■ **Task prompt**: Without any pictures, reproduce exactly the lines running from the line containing "party decoration with streamers" through the end of the entries.

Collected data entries
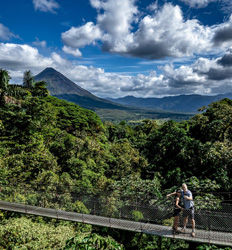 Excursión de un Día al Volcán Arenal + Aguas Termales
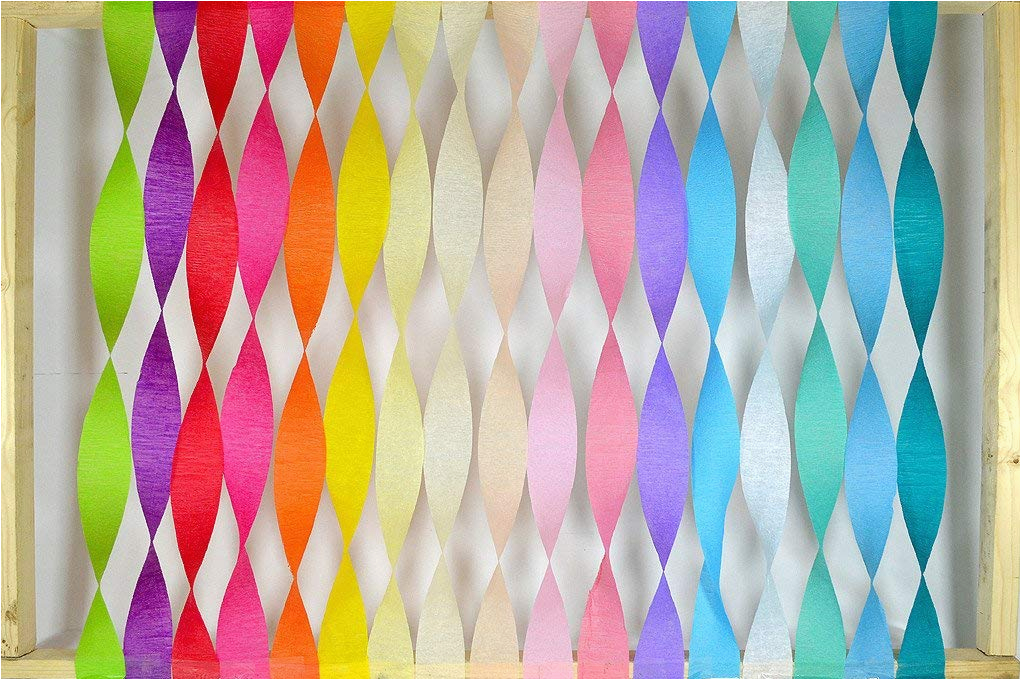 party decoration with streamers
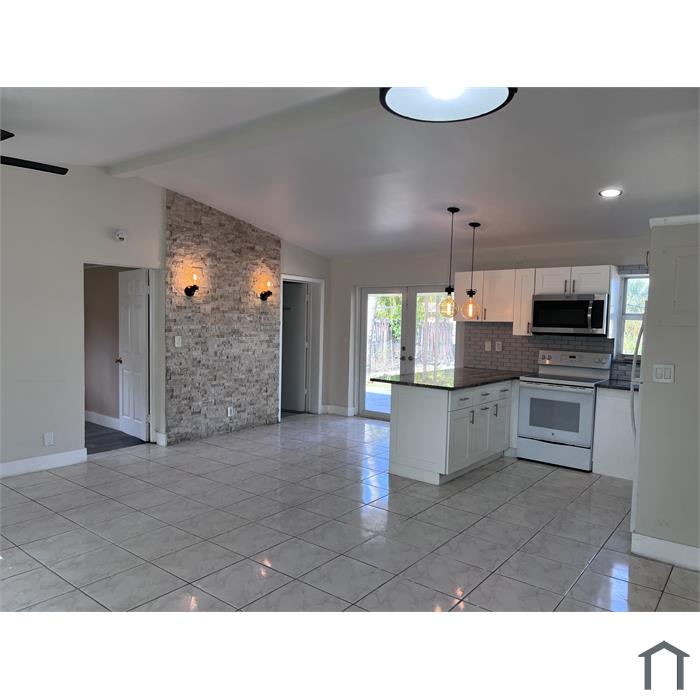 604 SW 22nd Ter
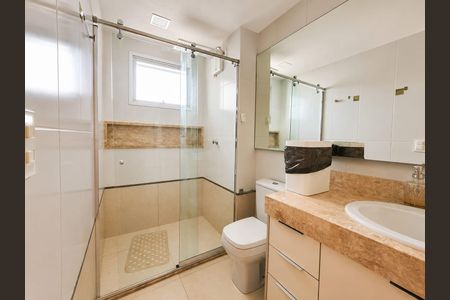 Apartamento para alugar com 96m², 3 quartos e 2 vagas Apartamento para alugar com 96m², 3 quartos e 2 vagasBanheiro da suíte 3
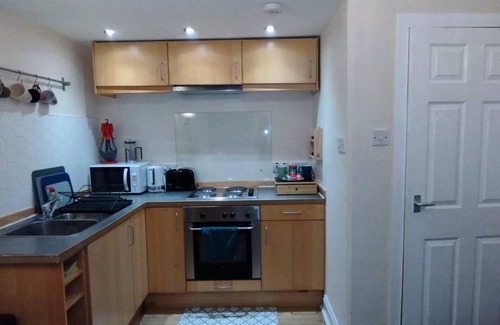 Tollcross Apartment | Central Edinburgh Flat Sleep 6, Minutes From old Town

■ **Answer to the problem**:
 party decoration with streamers
 604 SW 22nd Ter
 Apartamento para alugar com 96m², 3 quartos e 2 vagas Apartamento para alugar com 96m², 3 quartos e 2 vagasBanheiro da suíte 3
 Tollcross Apartment | Central Edinburgh Flat Sleep 6, Minutes From old Town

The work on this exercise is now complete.